Homework 2

Due: May 1, 2015
Points: 100


Questions

Remember to justify your answers.

  1. (16 points) Consider a computer system with three users: Alice, Bob, and Cyndy. Alice owns the file alicerc, and Bob and Cyndy can read it. Cyndy can read and write thee file bobrc, which Bob owns, but Alice can only read it. Only Cyndy can read and write the file cyndyrc, which she owns. Assume that the owner of each of these files can execute it.
    1. Create the corresponding access control matrix.
    2. Cyndy gives Alice permission to read cyndyrc, and Alice removes Bob’s ability to read alicerc. Show the new access control matrix.

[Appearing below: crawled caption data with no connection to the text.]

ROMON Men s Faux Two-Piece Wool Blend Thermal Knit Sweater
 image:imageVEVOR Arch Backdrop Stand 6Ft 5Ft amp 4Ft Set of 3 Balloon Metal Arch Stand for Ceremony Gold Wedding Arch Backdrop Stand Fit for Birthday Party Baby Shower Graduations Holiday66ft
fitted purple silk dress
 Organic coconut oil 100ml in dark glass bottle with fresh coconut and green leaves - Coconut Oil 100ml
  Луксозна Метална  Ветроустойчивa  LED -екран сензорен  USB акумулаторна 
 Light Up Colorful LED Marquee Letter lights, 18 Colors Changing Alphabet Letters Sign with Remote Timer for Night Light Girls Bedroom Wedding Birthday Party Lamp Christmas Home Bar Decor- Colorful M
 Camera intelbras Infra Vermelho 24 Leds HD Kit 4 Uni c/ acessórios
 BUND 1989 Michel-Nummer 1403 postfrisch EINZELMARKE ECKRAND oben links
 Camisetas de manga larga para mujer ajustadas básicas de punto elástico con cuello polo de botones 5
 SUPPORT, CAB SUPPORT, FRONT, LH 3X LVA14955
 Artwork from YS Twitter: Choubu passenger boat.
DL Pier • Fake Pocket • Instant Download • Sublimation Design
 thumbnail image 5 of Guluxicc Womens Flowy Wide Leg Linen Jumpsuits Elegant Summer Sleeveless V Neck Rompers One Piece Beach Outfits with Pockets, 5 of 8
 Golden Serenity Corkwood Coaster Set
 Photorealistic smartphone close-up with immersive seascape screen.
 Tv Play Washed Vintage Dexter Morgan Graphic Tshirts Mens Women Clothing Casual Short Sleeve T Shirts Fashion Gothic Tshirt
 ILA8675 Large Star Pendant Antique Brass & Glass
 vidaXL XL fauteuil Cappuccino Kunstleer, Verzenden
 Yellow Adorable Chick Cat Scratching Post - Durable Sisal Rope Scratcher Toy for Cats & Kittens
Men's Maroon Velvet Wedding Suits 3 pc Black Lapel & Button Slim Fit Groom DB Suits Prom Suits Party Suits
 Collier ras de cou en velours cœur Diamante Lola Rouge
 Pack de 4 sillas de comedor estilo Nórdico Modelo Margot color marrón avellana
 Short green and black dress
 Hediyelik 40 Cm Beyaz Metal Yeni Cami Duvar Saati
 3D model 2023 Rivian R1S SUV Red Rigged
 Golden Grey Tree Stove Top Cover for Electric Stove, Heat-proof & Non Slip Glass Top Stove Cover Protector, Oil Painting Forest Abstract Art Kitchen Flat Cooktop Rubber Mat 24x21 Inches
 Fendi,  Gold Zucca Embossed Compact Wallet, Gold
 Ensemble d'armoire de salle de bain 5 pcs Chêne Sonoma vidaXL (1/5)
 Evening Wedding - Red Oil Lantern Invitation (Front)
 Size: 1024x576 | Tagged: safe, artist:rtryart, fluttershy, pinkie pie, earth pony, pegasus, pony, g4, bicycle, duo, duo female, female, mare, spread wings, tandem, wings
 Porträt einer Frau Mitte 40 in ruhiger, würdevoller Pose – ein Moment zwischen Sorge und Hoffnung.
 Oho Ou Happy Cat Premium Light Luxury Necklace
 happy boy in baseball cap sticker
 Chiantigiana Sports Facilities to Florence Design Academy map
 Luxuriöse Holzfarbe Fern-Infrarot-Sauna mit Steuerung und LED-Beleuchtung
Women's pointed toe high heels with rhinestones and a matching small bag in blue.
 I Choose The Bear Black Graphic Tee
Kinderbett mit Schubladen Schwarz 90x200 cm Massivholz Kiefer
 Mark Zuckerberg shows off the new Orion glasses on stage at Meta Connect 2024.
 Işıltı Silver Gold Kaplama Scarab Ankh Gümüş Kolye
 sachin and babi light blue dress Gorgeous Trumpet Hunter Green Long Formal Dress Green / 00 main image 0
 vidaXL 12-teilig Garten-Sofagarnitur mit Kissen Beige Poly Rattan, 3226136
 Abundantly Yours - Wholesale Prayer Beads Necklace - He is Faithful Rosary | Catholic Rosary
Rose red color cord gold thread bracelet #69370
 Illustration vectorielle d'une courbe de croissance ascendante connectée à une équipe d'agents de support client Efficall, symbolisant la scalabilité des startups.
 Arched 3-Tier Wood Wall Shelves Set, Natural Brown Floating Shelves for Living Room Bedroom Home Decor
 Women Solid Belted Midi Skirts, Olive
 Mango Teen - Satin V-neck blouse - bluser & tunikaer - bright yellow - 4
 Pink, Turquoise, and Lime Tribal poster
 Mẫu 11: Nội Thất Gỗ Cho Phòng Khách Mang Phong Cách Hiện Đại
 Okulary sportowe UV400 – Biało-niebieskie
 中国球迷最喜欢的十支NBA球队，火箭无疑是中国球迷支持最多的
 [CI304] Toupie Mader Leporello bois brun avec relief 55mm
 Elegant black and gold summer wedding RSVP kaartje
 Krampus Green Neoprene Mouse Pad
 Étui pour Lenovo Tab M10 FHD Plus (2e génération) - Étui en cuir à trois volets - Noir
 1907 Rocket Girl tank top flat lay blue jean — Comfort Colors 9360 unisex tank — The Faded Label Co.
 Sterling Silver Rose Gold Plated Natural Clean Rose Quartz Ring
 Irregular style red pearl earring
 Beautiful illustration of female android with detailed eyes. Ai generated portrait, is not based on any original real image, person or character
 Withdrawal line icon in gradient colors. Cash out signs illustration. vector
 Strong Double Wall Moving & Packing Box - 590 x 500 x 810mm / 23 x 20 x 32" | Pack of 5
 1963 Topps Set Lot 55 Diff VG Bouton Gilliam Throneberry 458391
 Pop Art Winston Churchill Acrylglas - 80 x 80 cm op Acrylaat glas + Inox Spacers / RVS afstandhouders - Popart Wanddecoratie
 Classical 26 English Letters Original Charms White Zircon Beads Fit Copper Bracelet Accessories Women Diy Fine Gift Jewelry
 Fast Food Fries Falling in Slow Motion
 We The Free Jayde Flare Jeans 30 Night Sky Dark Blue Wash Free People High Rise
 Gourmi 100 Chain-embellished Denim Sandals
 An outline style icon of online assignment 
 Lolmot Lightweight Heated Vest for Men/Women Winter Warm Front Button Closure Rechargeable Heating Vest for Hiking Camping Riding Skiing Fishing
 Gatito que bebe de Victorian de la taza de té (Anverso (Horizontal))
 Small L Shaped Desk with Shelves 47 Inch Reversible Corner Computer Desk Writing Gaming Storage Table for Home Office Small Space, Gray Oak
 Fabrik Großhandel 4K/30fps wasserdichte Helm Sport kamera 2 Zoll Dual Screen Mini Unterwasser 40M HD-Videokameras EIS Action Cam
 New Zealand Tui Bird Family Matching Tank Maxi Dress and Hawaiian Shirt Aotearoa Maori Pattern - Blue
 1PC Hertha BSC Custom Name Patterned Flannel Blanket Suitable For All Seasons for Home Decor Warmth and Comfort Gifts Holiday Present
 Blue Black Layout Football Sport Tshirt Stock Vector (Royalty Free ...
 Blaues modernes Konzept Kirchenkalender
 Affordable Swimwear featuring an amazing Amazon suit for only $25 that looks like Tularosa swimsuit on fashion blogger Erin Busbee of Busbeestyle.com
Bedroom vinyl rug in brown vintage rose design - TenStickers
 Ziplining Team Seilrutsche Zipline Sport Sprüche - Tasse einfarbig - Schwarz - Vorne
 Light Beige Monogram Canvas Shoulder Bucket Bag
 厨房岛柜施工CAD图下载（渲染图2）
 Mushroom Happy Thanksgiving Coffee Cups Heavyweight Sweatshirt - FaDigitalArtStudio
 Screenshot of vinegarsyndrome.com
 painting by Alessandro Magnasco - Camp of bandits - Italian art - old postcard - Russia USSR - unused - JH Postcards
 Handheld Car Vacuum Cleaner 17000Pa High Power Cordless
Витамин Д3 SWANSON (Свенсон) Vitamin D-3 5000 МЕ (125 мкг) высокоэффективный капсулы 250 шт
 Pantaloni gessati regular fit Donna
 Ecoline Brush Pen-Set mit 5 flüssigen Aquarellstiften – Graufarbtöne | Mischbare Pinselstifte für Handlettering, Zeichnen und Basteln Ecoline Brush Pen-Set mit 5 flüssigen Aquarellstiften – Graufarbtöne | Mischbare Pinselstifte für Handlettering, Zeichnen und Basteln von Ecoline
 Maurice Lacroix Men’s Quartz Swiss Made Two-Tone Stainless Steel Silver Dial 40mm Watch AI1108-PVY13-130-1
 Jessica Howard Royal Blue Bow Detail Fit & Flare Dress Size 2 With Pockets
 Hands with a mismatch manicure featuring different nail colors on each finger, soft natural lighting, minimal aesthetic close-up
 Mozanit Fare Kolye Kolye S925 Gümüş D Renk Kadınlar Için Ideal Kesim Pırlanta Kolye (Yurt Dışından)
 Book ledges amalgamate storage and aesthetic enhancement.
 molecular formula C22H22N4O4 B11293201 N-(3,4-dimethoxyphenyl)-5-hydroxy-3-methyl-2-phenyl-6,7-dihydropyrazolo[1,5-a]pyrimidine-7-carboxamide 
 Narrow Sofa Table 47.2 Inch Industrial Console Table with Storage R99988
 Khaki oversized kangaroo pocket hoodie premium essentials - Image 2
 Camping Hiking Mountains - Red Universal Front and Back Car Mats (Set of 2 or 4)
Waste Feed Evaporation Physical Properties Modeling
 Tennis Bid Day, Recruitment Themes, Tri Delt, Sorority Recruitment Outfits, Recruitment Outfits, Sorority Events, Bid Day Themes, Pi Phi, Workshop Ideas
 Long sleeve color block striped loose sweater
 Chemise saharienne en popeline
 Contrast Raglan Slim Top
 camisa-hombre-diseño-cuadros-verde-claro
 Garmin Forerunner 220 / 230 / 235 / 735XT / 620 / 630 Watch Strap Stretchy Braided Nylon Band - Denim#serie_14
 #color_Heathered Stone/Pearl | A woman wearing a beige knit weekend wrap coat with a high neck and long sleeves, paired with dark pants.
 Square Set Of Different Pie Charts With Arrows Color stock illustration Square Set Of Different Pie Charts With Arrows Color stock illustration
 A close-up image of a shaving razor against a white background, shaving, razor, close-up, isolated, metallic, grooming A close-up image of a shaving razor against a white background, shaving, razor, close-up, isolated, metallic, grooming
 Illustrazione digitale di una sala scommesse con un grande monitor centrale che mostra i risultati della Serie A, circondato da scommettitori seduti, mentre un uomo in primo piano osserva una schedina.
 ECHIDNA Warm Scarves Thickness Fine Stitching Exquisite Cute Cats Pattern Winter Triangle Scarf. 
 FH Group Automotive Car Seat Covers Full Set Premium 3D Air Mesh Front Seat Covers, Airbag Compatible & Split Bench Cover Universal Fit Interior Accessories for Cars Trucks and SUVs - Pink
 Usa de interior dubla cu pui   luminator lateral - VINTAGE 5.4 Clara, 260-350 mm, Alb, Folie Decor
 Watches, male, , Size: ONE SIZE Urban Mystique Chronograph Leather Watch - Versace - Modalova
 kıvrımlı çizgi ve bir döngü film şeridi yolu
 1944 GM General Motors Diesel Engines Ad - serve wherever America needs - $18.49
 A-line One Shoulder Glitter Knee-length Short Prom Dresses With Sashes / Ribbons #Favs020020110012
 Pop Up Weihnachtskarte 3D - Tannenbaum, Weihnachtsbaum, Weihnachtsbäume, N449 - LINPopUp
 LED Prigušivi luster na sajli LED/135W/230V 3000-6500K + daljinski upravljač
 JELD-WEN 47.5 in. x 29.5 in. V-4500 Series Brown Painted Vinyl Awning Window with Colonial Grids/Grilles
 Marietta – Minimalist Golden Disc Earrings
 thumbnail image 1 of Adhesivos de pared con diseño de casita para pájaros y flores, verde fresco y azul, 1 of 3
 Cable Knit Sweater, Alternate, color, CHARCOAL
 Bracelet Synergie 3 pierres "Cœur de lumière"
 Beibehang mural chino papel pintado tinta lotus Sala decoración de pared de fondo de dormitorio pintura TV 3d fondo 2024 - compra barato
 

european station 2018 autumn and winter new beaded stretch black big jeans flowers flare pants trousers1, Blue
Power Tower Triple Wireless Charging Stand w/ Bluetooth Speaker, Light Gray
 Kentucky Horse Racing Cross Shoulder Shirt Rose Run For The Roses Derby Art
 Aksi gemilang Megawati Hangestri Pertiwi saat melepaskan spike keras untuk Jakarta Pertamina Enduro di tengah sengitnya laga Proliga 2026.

  2. (28 points) The proof of Theorem 1 states that we can omit the delete and destroy commands as they do not affect the ability of a right to leak when no command can test for the absence of rights. Justify this statement. If such tests were allowed, would delete and destroy commands affect the ability of a right to leak?

  3. (16 points) Classify each of the following as an example of a mandatory, discretionary, or originator controlled policy, or a combination thereof. Justify your answers.
    1. The file access control mechanisms of the UNIX operating system
    2. A system in which no memorandum can be distributed without the creator’s consent
    3. A military facility in which only generals can enter a particular room
    4. A university registrar’s office, in which a faculty member can see the grades of a particular student provided that the student has given written permission for the faculty member to see them.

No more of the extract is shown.